On a big table in the drafty rehearsal room lie stacks of well-thumbed research materials.
There are photos, dossiers on each of the play's characters. A VCR in the corner contains a cassette about Arctic exploration. Manson surveys it all.
"A lot of this is from my training in Germany," he points out. The year in a directing apprenticeship at the Staadttheatre Freiburg was, he says, awesome. Besides learning about the importance of research (hence the table), dramaturgy and long rehearsal periods, he also saw how directors and designers could work for months before a show, an experience that trained him to think visually as a director.

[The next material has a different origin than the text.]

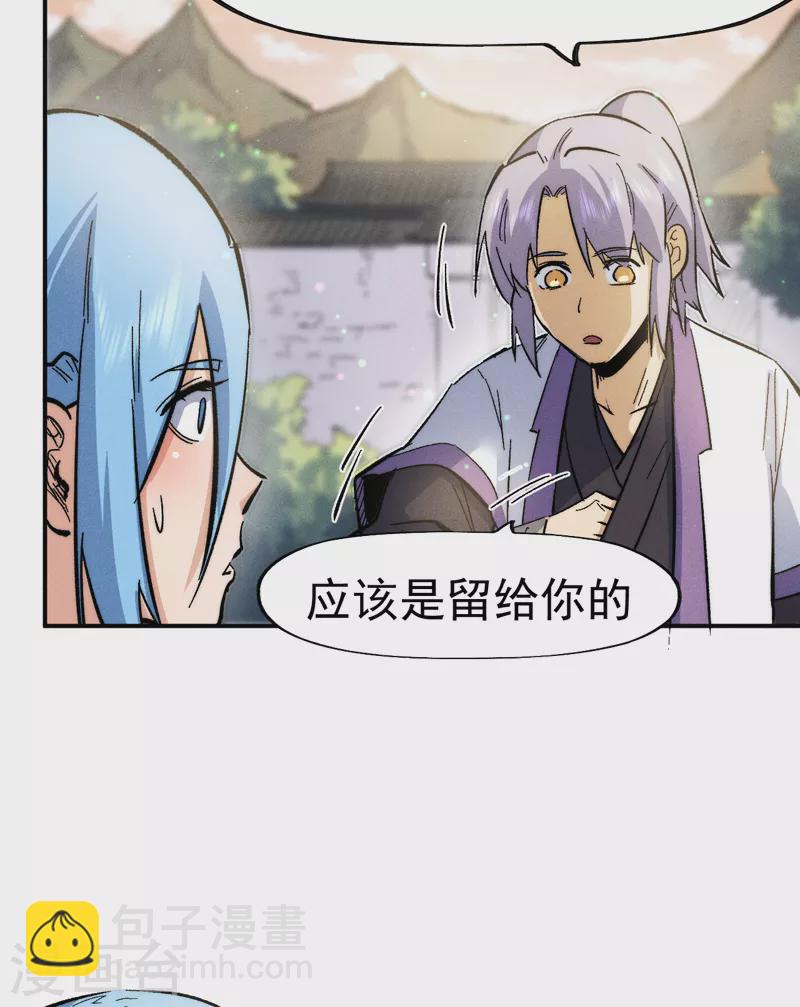🍱史上最强男主角 第81话 就是他打我 第39页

"When I came back here, I wanted to approach the possibilities of the stage differently," he says. "We've inherited a method of work here that's part history, part England, part budget. It's very efficient -- but it can hem you in artistically."

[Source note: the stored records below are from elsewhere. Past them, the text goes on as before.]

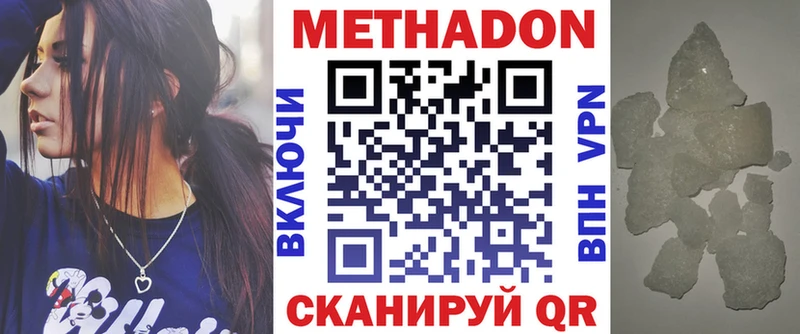 Метадон белоснежный наркота даркнет клад Терек
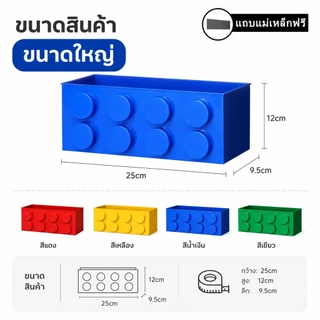 กล่องเก็บของแม่เหล็ก สำหรับตู้เย็น[แบบเลโก้]แรงดูดแน่น ไม่ต้องเจาะ รับน้ำหนักได้มาก ใส่อุปกรณ์ครัวเรือน ตกแต่งห้อง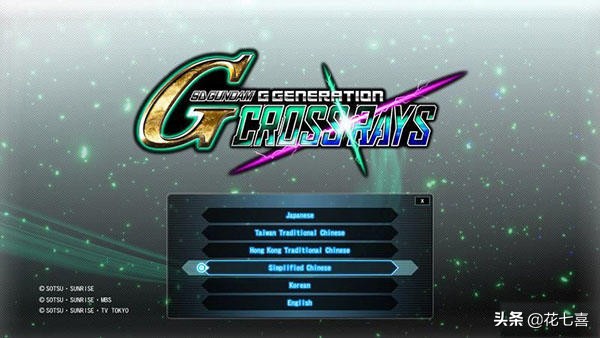 高达g世纪火线纵横好玩吗,高达g世纪火线纵横终极豪华版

Of course, comparing generously subsidized European theatre with the meagrely supported Canadian arts scene can make you wanna slit your undernourished wrists.

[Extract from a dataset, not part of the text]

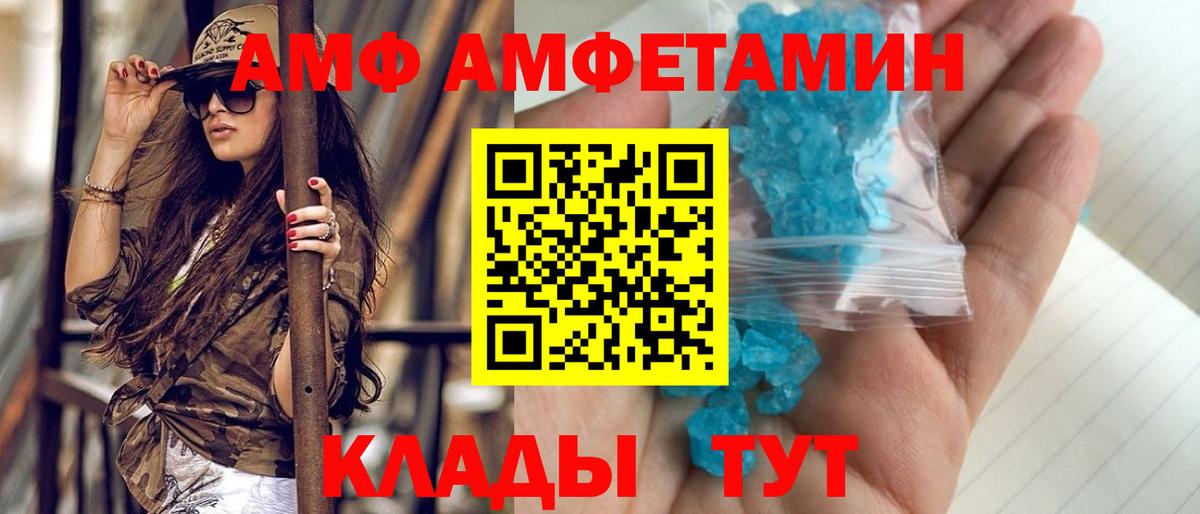 Казань  МЕТАМФЕТАМИН витя  МЕТАМФЕТАМИН витя  Вход с VPN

But there are bonuses to the local scene. New script development is healthier here than there, he says. And actors are asked to think and contribute here, whereas in some European theatres they're simply told what to do.
"I also found a lot of self-indulgence and waste in the European rehearsal process," he laughs.
"There are these big-baby directors over there -- usually men with lots of power and money. The emotional age of the first director I worked with was about five. The artistic director was the same. Tantrums, screaming, that sort of thing."
No tantrums on the set of Two Words For Snow, where Manson quietly directs the three leads, whose experience ranges from pop singer Idlout to the elder statesman of Canadian theatre, Fox.
Volcano and Manson are busier than ever. They just finished an international tour of Weather, a work by Hope Terry that wowed the Edinburgh Festival, as did a remount of Andrew Alexis's SummerWorks hit, Lambton Kent. With choreographer Kate Alton, Manson's developing a full-length piece about 70s sound poetry troupe The Four Horsemen. He's also co-directing a vaudeville-style show with Eda Holmes inspired by a work by 20th-century German-Argentine composer Maurizio Kagel.
Manson's determined to stick it out in the indie scene, but knows it's a struggle. Last year, he was invited to apply for the artistic directorship of the Tarragon. He declined, reasoning that the way theatres are now, they weren't for him and he wasn't for them.
He can't wait to see what Richard Rose does there, and what Daniel Brooks does at the helm of Necessary Angel.
"They're my two favourite local directors," he states.
"It's such a Canadian phenomenon. As Volcano becomes more successful, my income has dropped enormously. I haven't been able to take any big acting gigs. My agent is exasperated. I'm working all the time but I'm having more trouble buying food."